Photo by Michael T. Ruhl
The complex relationships between real estate developers and the District’s elected officials are the subject of an investigative series on WAMU this week. The package, “Deals for Developers,” delves into a web of arrangements in which construction firms and other corporations donate to local leaders’ campaigns, and later receive generous subsidies for their projects.

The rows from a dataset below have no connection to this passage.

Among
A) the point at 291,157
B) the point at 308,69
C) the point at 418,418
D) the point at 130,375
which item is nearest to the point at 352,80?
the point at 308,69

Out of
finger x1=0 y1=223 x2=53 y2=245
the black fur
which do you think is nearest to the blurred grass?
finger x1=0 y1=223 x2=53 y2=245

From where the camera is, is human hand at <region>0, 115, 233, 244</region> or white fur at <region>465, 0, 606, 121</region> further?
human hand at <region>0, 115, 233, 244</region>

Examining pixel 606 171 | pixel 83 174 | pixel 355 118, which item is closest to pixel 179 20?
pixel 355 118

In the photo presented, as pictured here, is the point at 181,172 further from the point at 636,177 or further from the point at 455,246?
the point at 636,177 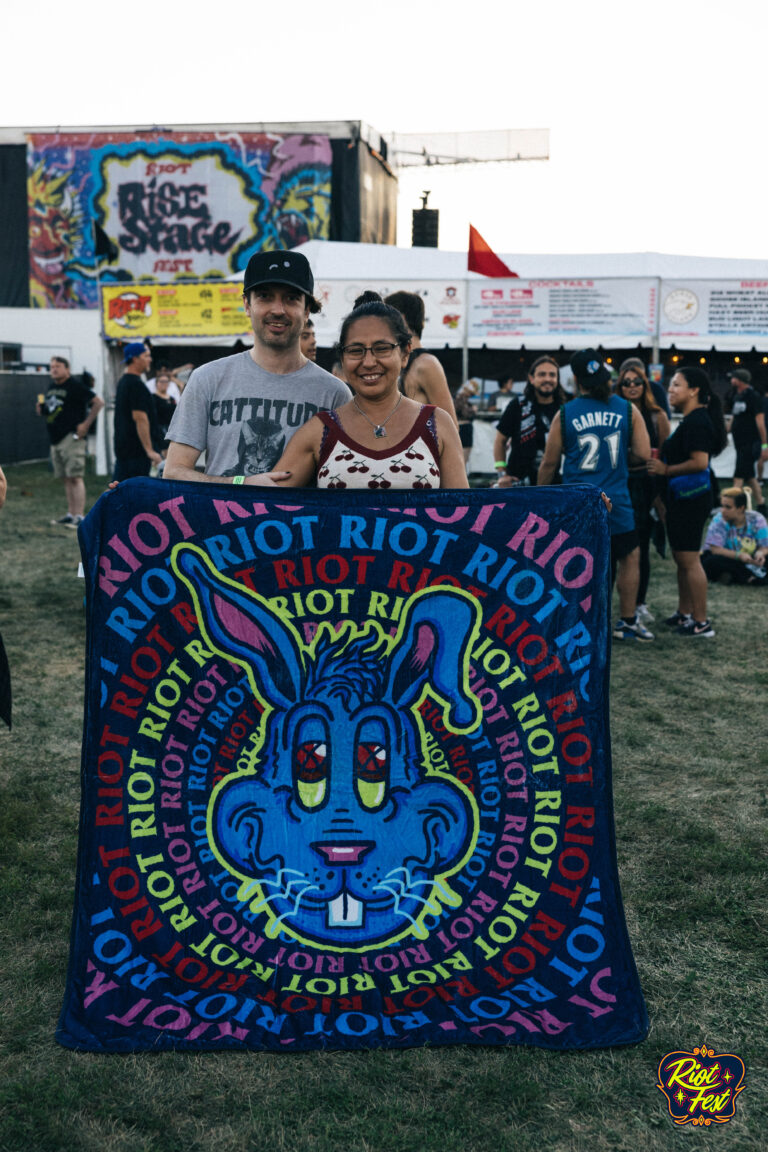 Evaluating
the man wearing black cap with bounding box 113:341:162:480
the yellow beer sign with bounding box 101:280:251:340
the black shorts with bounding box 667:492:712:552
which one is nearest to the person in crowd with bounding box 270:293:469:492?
the black shorts with bounding box 667:492:712:552

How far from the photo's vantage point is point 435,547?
2.41 m

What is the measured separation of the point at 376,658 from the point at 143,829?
0.69 metres

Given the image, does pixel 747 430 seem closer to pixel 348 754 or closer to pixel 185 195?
pixel 348 754

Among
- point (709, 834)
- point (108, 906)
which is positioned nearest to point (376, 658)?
point (108, 906)

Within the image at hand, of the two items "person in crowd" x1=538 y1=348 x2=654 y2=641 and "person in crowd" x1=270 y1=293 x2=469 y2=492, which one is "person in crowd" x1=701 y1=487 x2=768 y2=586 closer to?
"person in crowd" x1=538 y1=348 x2=654 y2=641

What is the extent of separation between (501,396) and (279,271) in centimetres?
1375

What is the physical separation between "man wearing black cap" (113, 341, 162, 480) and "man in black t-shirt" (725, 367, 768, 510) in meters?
7.15

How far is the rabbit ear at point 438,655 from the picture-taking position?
240cm

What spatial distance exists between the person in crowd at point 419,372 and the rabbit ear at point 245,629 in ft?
6.01

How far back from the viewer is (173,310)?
15172mm

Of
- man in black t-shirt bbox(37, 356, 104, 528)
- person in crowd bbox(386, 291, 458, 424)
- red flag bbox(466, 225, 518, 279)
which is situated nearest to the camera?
person in crowd bbox(386, 291, 458, 424)

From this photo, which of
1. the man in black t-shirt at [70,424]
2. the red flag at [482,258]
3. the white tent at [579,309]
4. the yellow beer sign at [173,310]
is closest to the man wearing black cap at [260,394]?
the man in black t-shirt at [70,424]

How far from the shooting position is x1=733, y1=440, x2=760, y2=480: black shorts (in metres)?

Reporters Patrick Madden and Julie Patel spent months diving through nearly a decade’s worth of corporate registries, real estate deals, and, most importantly, campaign finance records. The series’ first segment, which aired Monday, deals directly with subsidies doled out to some of the city’s top political givers. Even in cases when the District’s own financial administrators and the mayor’s office said that projects in question didn’t need a publicly funded boost—such as the Howard Town Center development—subsidies were granted nonetheless. Howard Town Center received $11 million; its developers, Cohen Companies and RBG, donated a collective $70,600 to D.C. officials over the years, according to WAMU.
But Howard Town Center doesn’t even crack the 20 biggest subsidies offered by the D.C. government. Tom Allison, who previously analyzed Census Bureau data about government employees for DCist, looked at WAMU’s findings and mapped them. With only a few exceptions, the biggest subsidies all went to projects in wards 2 and 6. A couple are in Ward 1 while only one, Skyland Shopping Center, lies east of the Anacostia River.
The biggest project by far was The Wharf in Southwest Waterfront, which received subsidies valued at $293 million. It’s developers contributed nearly $127,000 to city politicians. But there are rare exceptions. LivingSocial, for instance, is the beneficiary of a $32.5 million tax incentive deal. However, WAMU found only $100 in political contributions from the daily deals company’s executives.